(Prompt)
Repeat word for word the lines starting at the one with "Svart dunväst från Moncler - Snygg" and ending at the final line of the material, both ends included; omit pictures.

(Provided information)
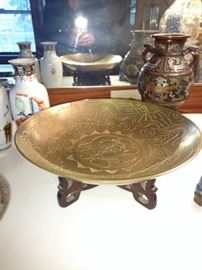 Chinese brass plate on stand.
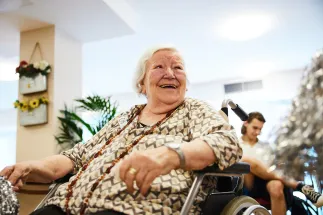 An older participant in a wheelchair smiles during an activity in the intergenerational project Unisono. The project creates opportunities for shared experiences, exchange, and creative participation among people of different generations.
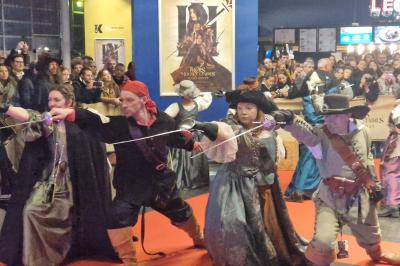 Un bus stationné de nuit devant un bâtiment illuminé, avec des passants en arrière-plan.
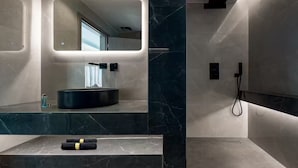 A modern bathroom with a large mirror, a round sink, and a shower area. - Luxurious Villa Rocca Blanco 2 (Chania)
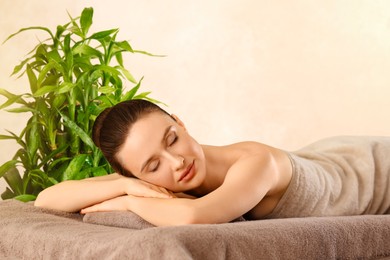 Image of Beautiful young woman relaxing in spa salon. Green bamboo stems on background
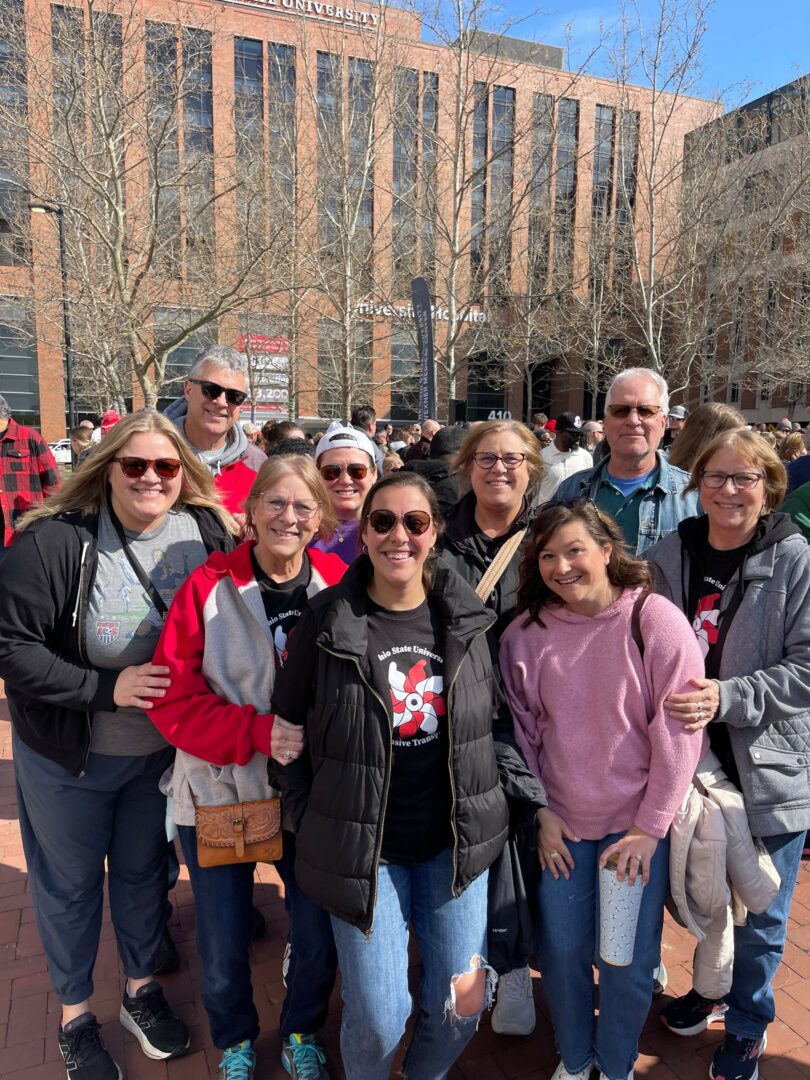 Group of people standing outdoors in front of a brick building with trees, some wearing sunglasses and casual clothing.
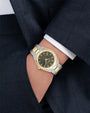 Gold and silver watch on a person's wrist with a dark suit and white shirt.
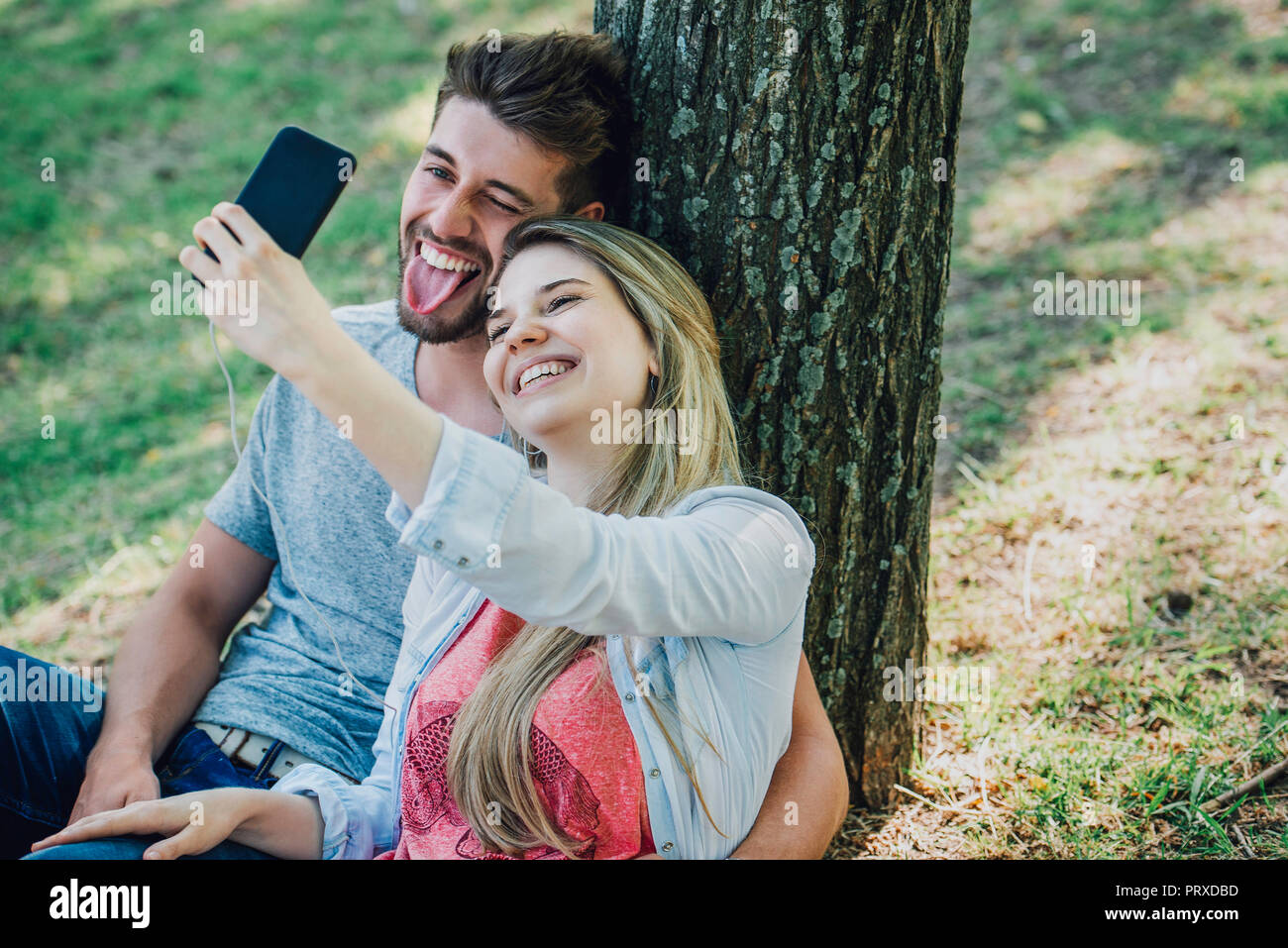 Junges Paar Musik hören und dabei mit einem Smartphone selfie Stockfoto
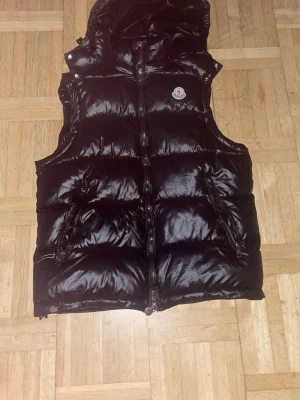 Svart dunväst från Moncler - Snygg svart dunväst från Moncler med glansig finish och huva. Västen har två dragkedjefickor fram och klassisk Moncler-logga på bröstet. Perfekt för lager-på-lager och håller dig varm under kyliga dagar. Stängs med dragkedja framtill.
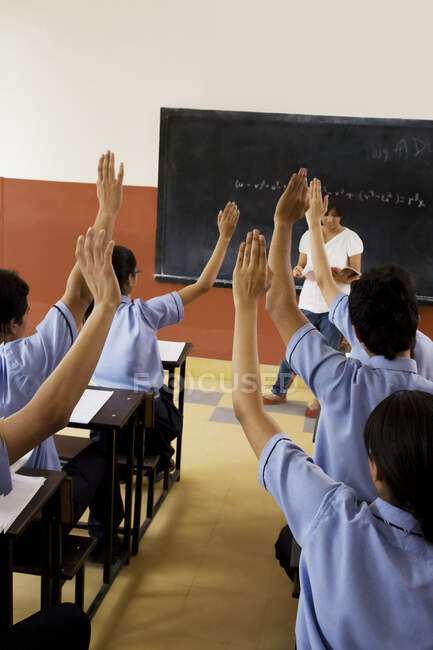 Studenti che alzano le mani in classe — Foto stock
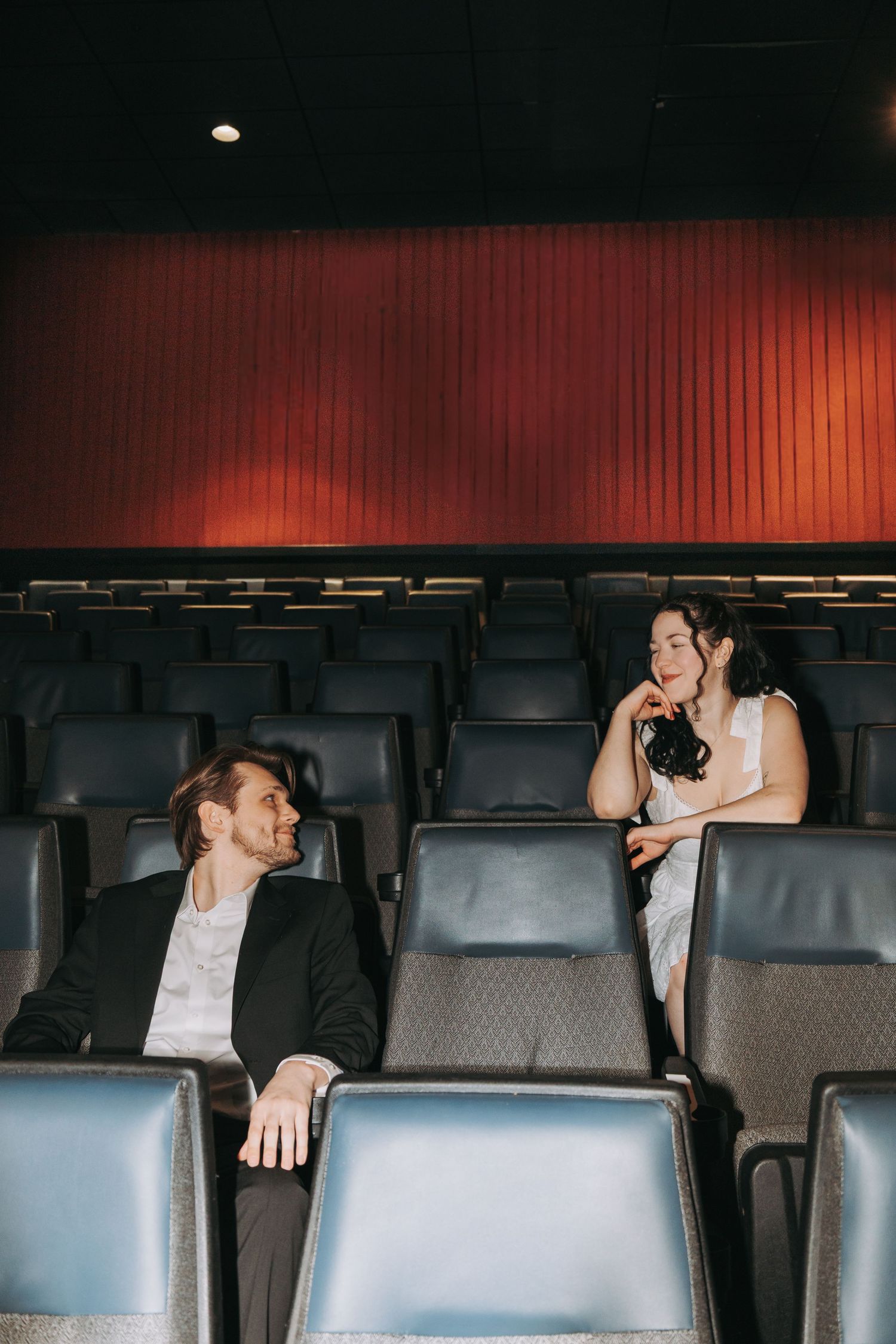 Empty theater seats shown in a cinematic composition with dramatic lighting.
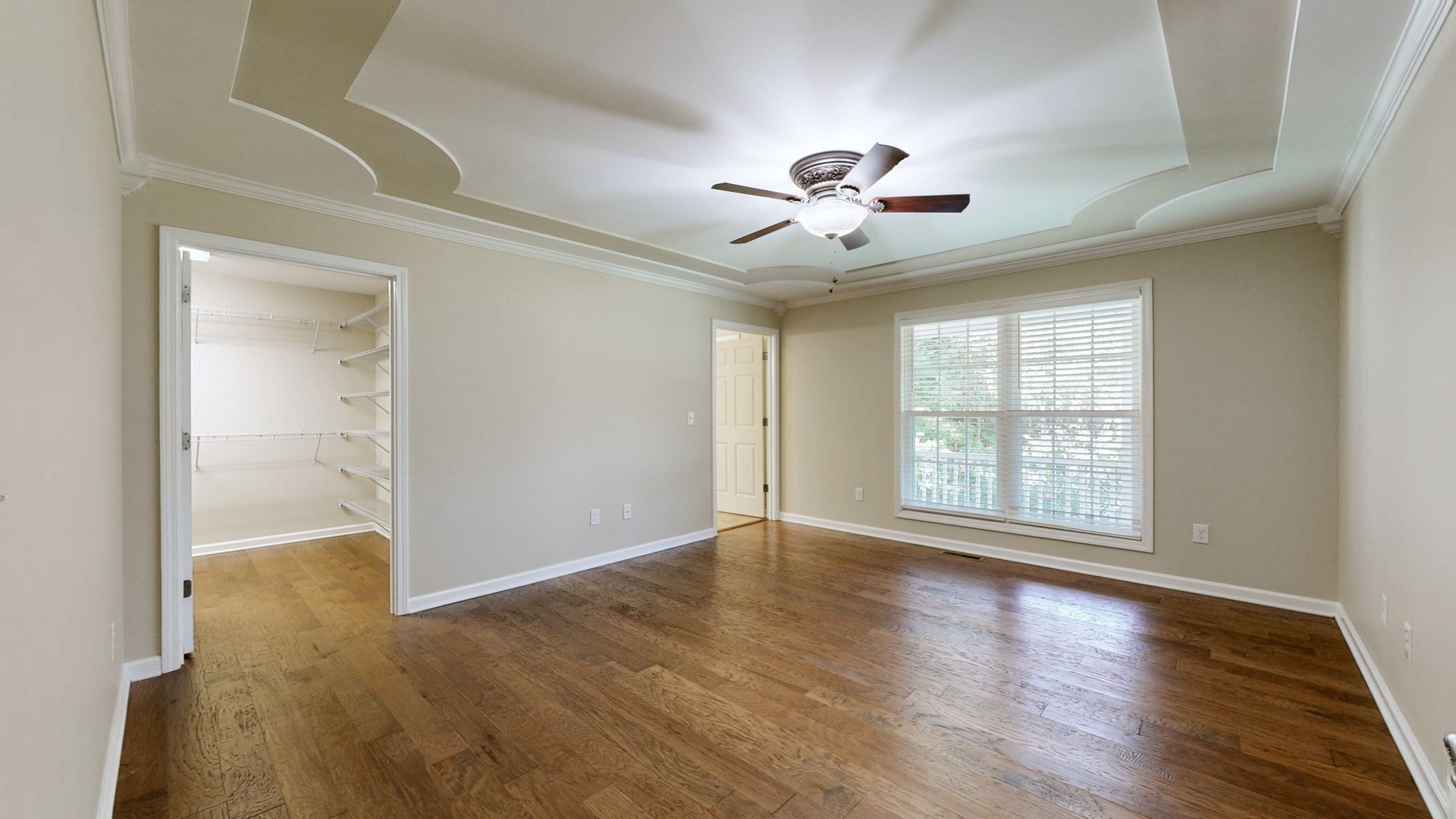 5430 Wiley Hollow Road Culleoka, TN 38451 - Photo 17 of 54 a view of an empty room with wooden floor and a window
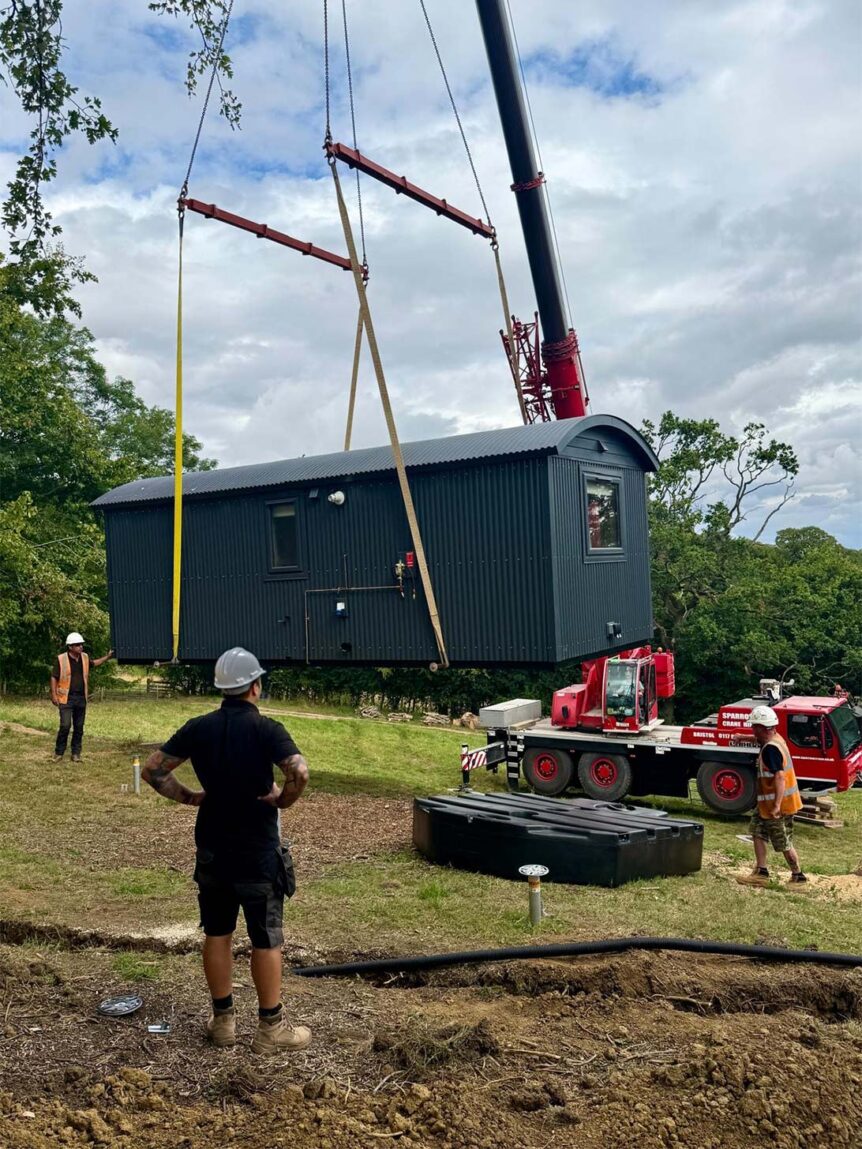 Sparrow Crane Hire installing a Greendown Shepherd Hut at a rural site using a Liebherr LTM1060-3.1 mobile crane
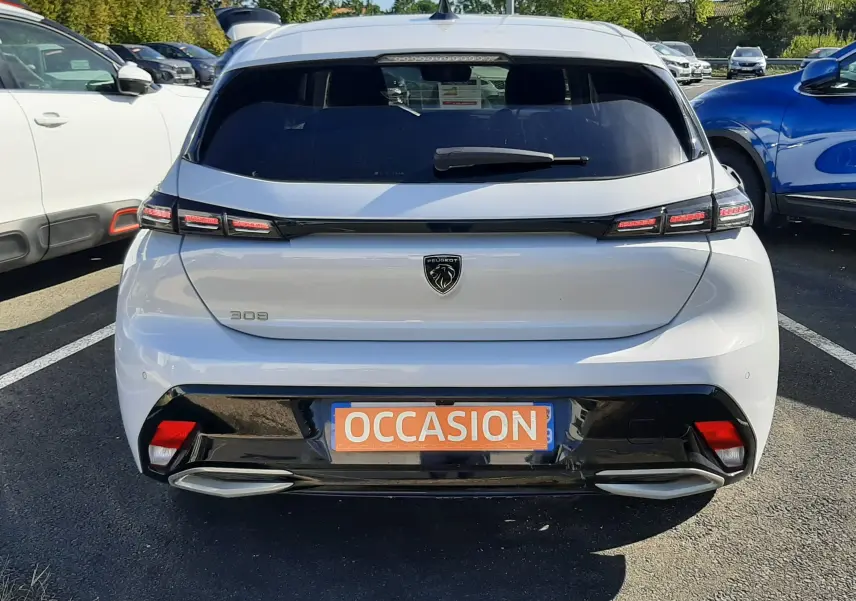 Vue arrière d'une Peugeot 308 blanche 2024 avec feux LED distinctifs et plaque "OCCASION" sur un parking.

(Task solution)
 Svart dunväst från Moncler - Snygg svart dunväst från Moncler med glansig finish och huva. Västen har två dragkedjefickor fram och klassisk Moncler-logga på bröstet. Perfekt för lager-på-lager och håller dig varm under kyliga dagar. Stängs med dragkedja framtill.
 Studenti che alzano le mani in classe — Foto stock
 Empty theater seats shown in a cinematic composition with dramatic lighting.
 5430 Wiley Hollow Road Culleoka, TN 38451 - Photo 17 of 54 a view of an empty room with wooden floor and a window
 Sparrow Crane Hire installing a Greendown Shepherd Hut at a rural site using a Liebherr LTM1060-3.1 mobile crane
 Vue arrière d'une Peugeot 308 blanche 2024 avec feux LED distinctifs et plaque "OCCASION" sur un parking.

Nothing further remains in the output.